**Your goal**
Send back the line that contains "tavla — Stockfoto" and all lines following it through the end of the data below, exactly, omitting pictures.

Stored data:

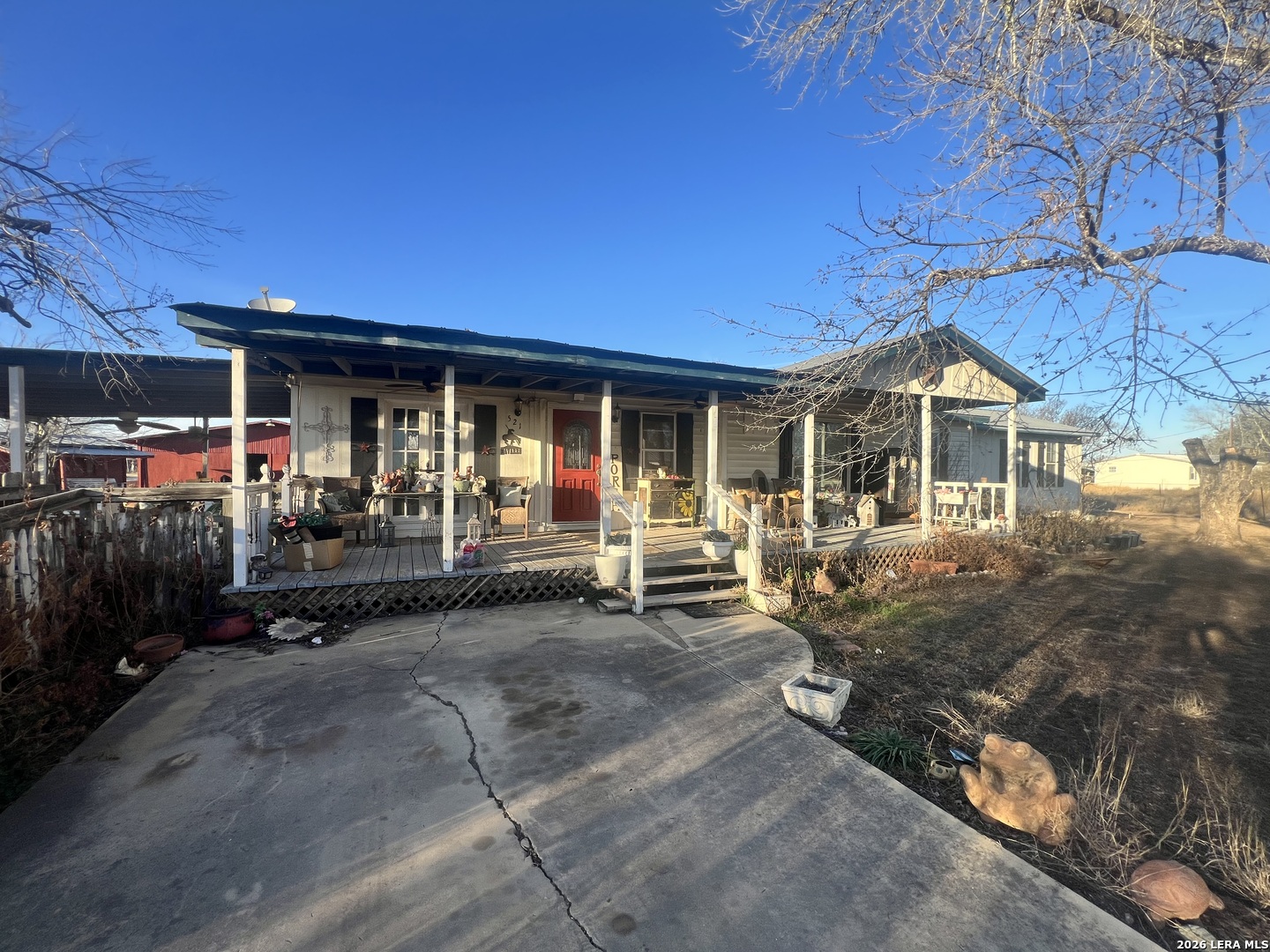 521 Cr 7713, Unit 1 Devine, TX 78016 - Photo 1 of 14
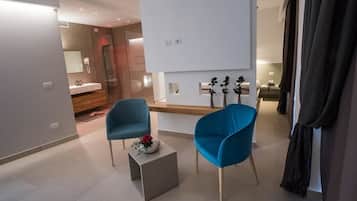 Executive Suite, Balcony, Valley View | Minibar, in-room safe, desk, cribs/infant beds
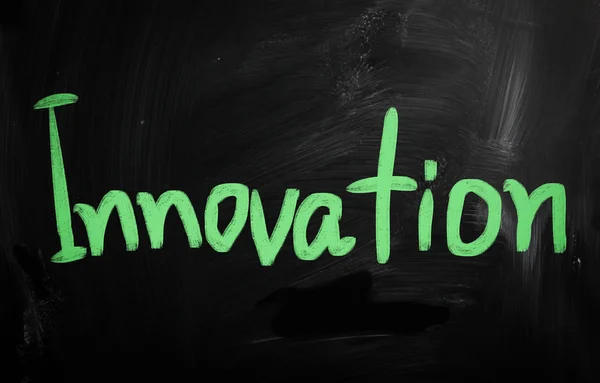 "Innovation "handskriven med vit krita på en svart tavla — Stockfoto
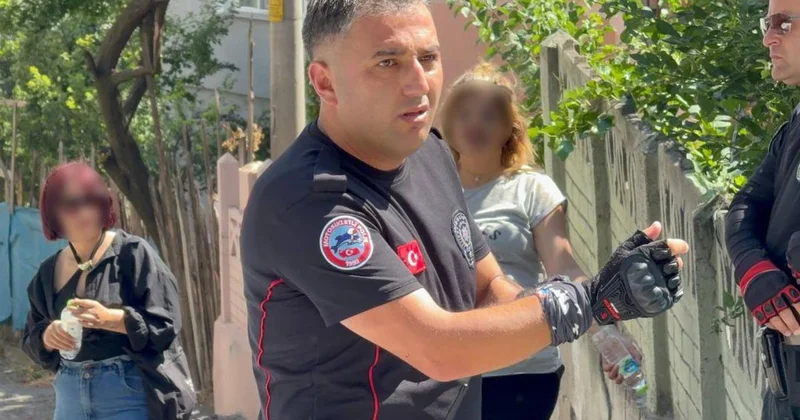 Dur ihtarına uymayan sürücü, kadınları araçta bırakıp kaçtı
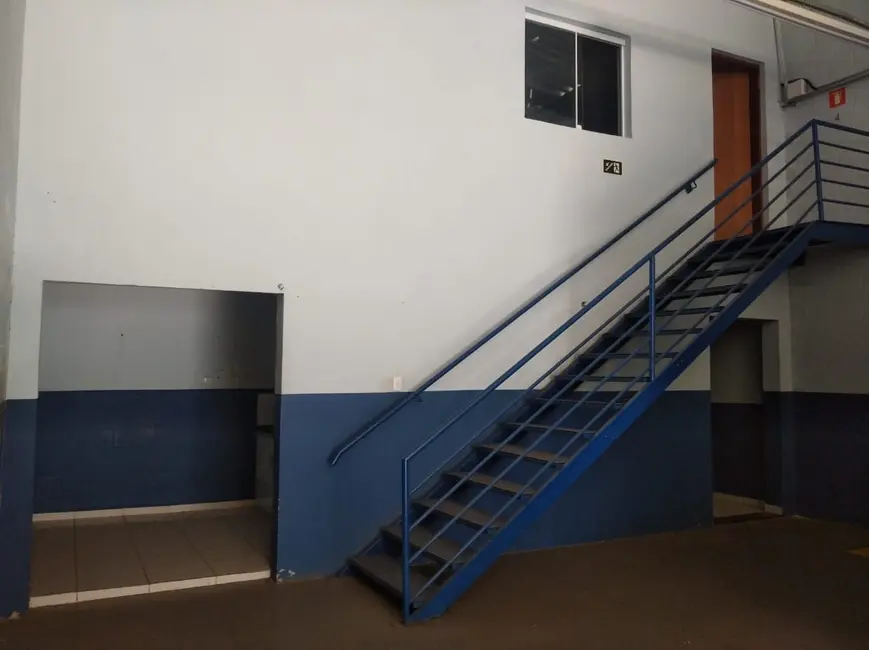 Foto 4 de Loja para alugar, 180m2 em Piracicaba - SP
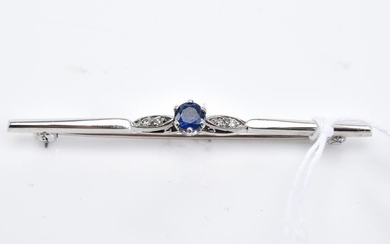 A SAPPHIRE AND DIAMOND BAR BROOCH IN WHITE GOLD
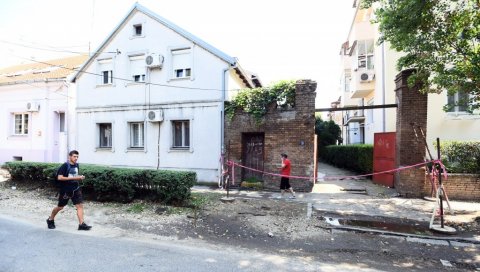 НОВЕ ЦЕВИ ЗА СТАБИЛНЕ КУЋЕ: Почела реконструкција улица Добановачке, Добровољачке и Новоградске у Земуну НОВЕ ЦЕВИ ЗА СТАБИЛНЕ КУЋЕ: Почела реконструкција улица Добановачке, Добровољачке и Новоградске у Земуну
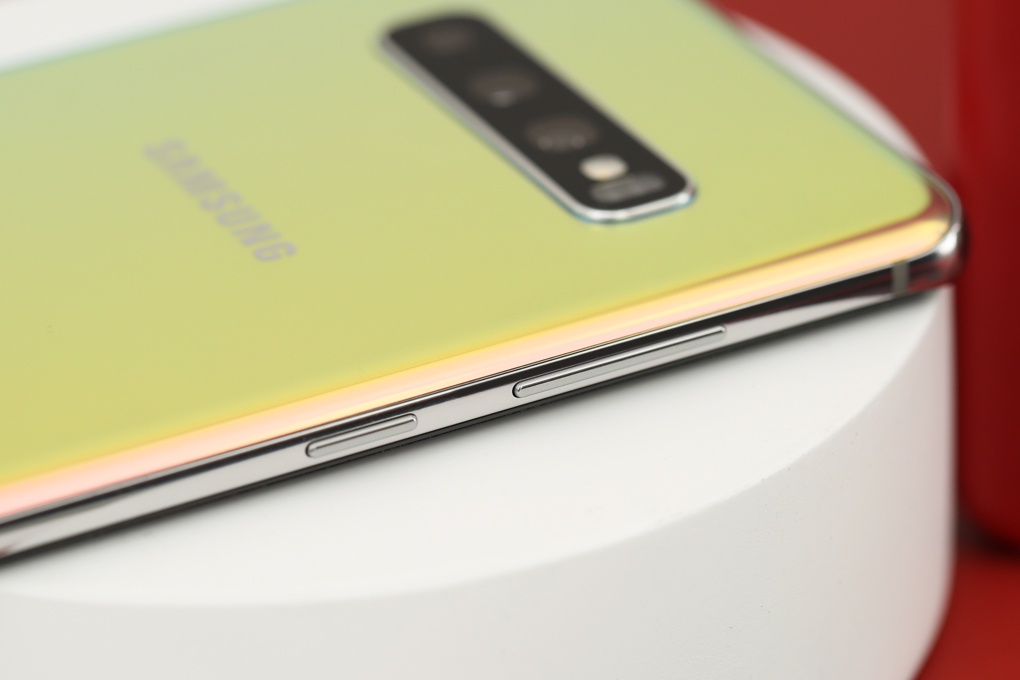 Điện thoại Samsung Galaxy S10+ Màu Bạc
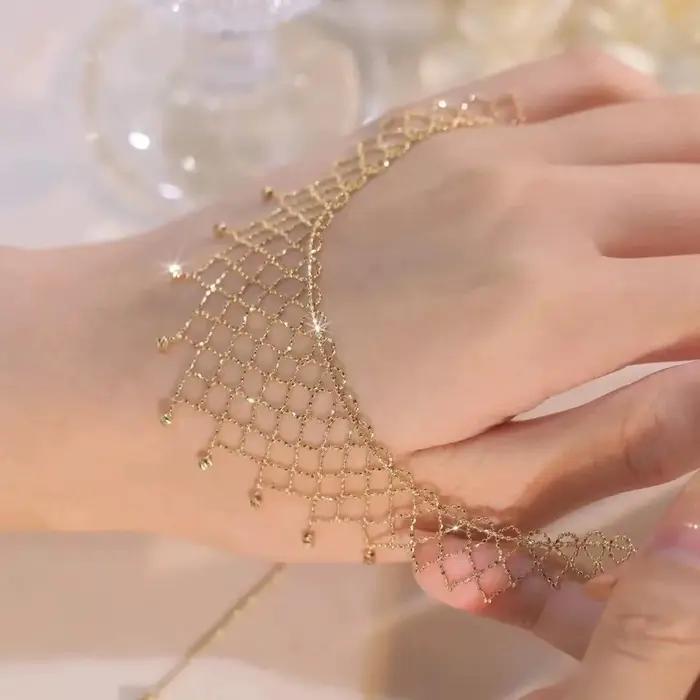 Collier en dentelle tissée de Style Court français, chaîne de clavicule en boule d'or, Design de Nic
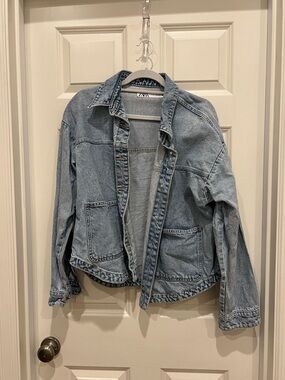 ZARA Light Wash Denim Jacket in Pale Blue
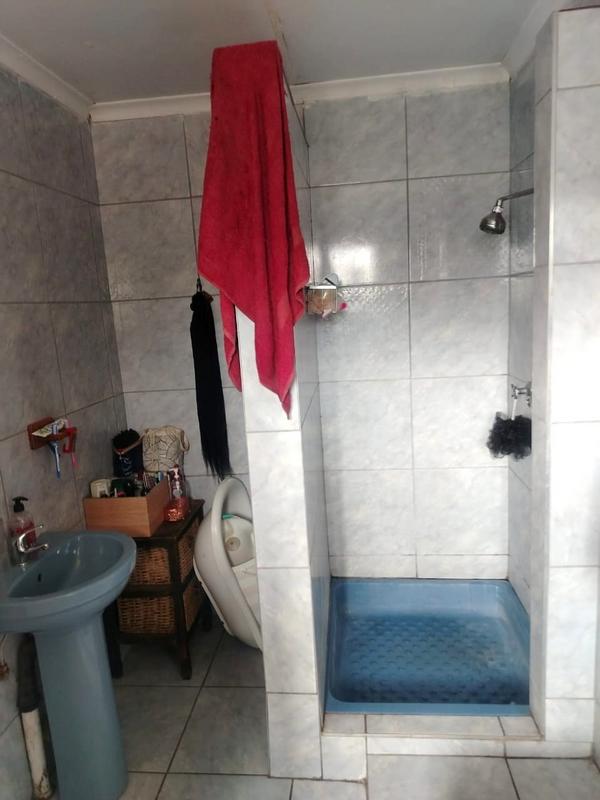 4 Bedroom Property for Sale in Dobsonville Gauteng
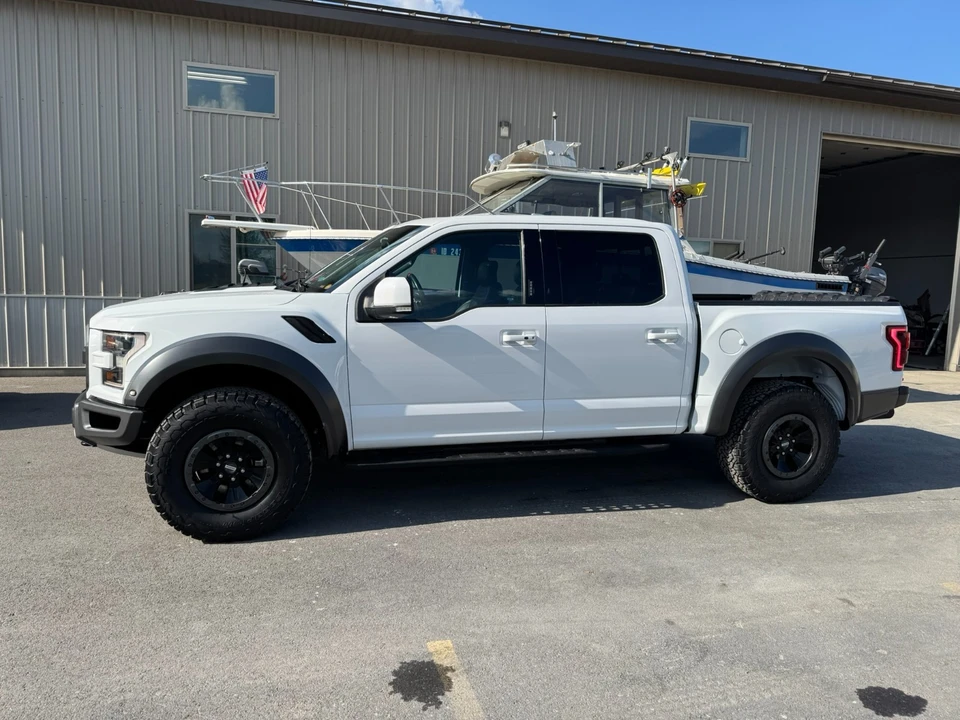 2017 Ford F-150 Raptor 13th Gen - Image 2 of 16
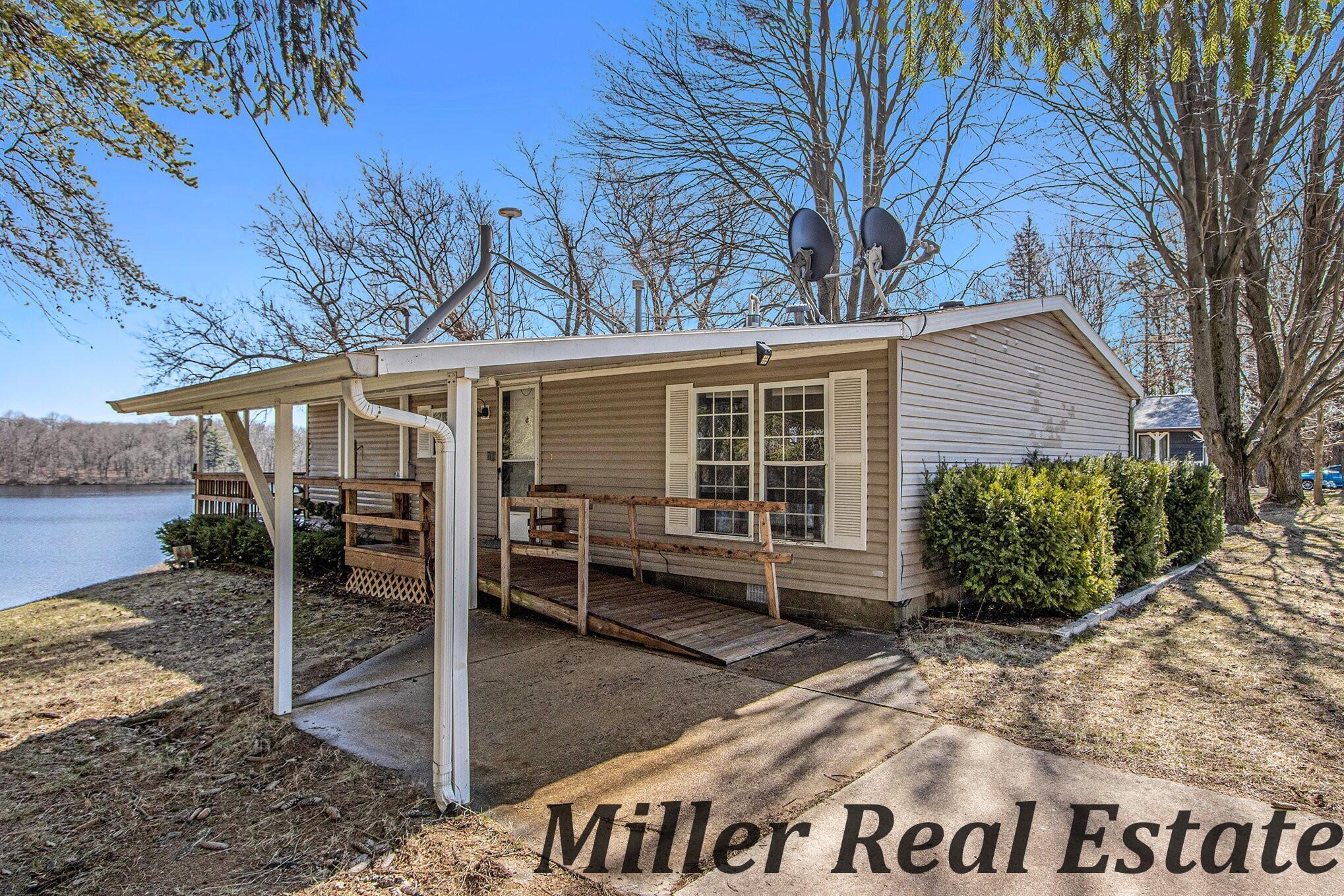 Property Photo:  10047 Deer Sight Drive  MI 49333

**Response area**
 "Innovation "handskriven med vit krita på en svart tavla — Stockfoto
 Dur ihtarına uymayan sürücü, kadınları araçta bırakıp kaçtı
 Foto 4 de Loja para alugar, 180m2 em Piracicaba - SP
 A SAPPHIRE AND DIAMOND BAR BROOCH IN WHITE GOLD
 НОВЕ ЦЕВИ ЗА СТАБИЛНЕ КУЋЕ: Почела реконструкција улица Добановачке, Добровољачке и Новоградске у Земуну НОВЕ ЦЕВИ ЗА СТАБИЛНЕ КУЋЕ: Почела реконструкција улица Добановачке, Добровољачке и Новоградске у Земуну
 Điện thoại Samsung Galaxy S10+ Màu Bạc
 Collier en dentelle tissée de Style Court français, chaîne de clavicule en boule d'or, Design de Nic
 ZARA Light Wash Denim Jacket in Pale Blue
 4 Bedroom Property for Sale in Dobsonville Gauteng
 2017 Ford F-150 Raptor 13th Gen - Image 2 of 16
 Property Photo:  10047 Deer Sight Drive  MI 49333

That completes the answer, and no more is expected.